GDPR policy

BUNIQ and GDPR

General Data Protection Regulation for services offered by BUNIQ The European Regulation on the protection of personal data No. 679/2016 (GDPR) aims to modernize and harmonize the data protection strategy across all European Union countries. BUNIQ ensures its Clients and Users the correct application of the GDPR provisions for the services offered. It’s not only the need to comply with the standards of the new regulation but also our commitment to always ensure maximum transparency in data processing and protection. Below is an overview of the main measures that BUNIQ has adopted in compliance with the GDPR provisions.

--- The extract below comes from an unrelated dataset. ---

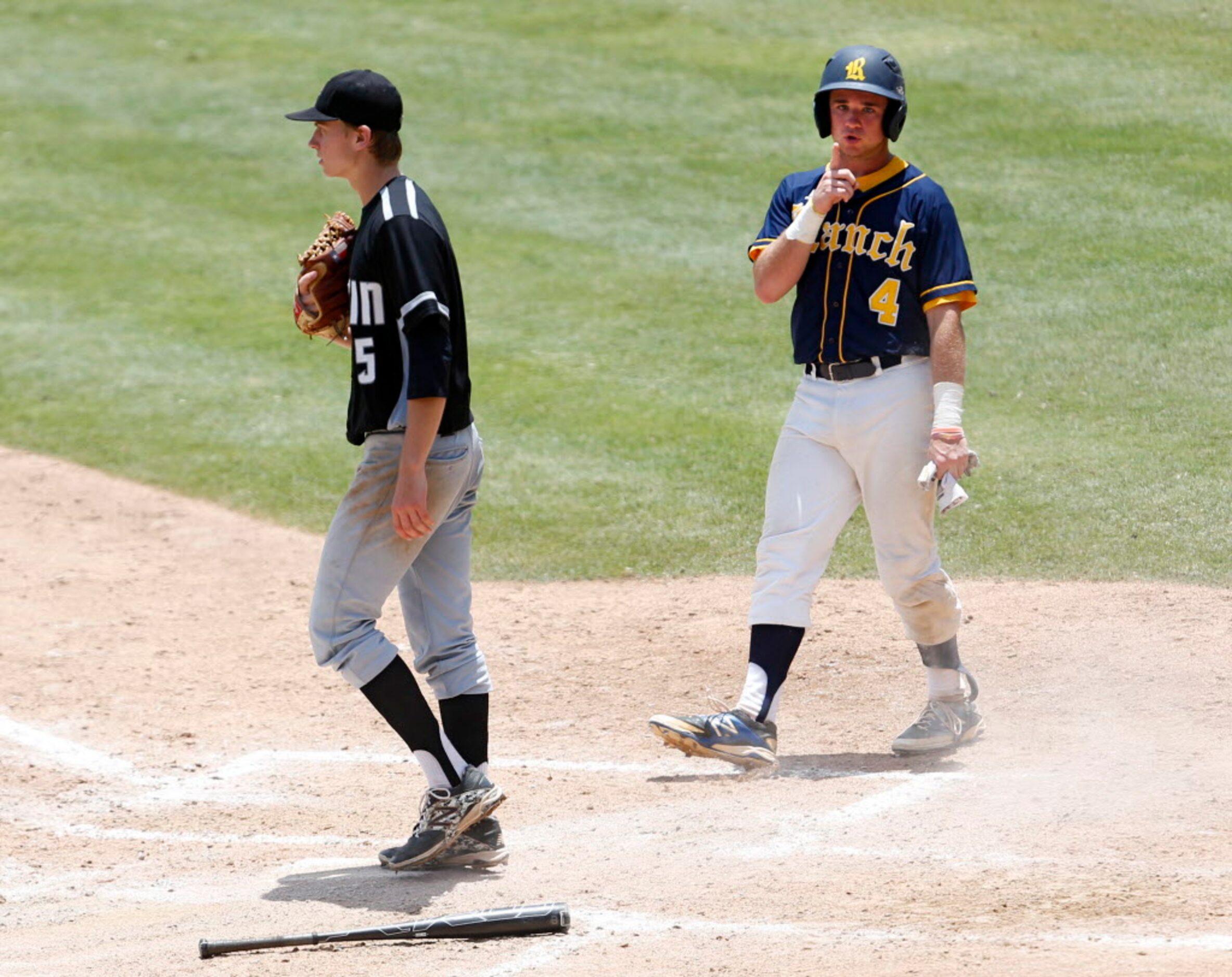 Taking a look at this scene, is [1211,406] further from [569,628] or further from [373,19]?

How we protect data: physical protection

Data Security Our Clients’ and services’ data are stored in the ISO27001 certified Data Centers of our providers. The location of the facilities, mainly in Italy, provides Clients with additional protection regarding legislation on security and confidentiality of corporate data. The Data Centers are constantly monitored by highly qualified personnel. All Data Centers house the technological platforms for the provision of BUNIQ services.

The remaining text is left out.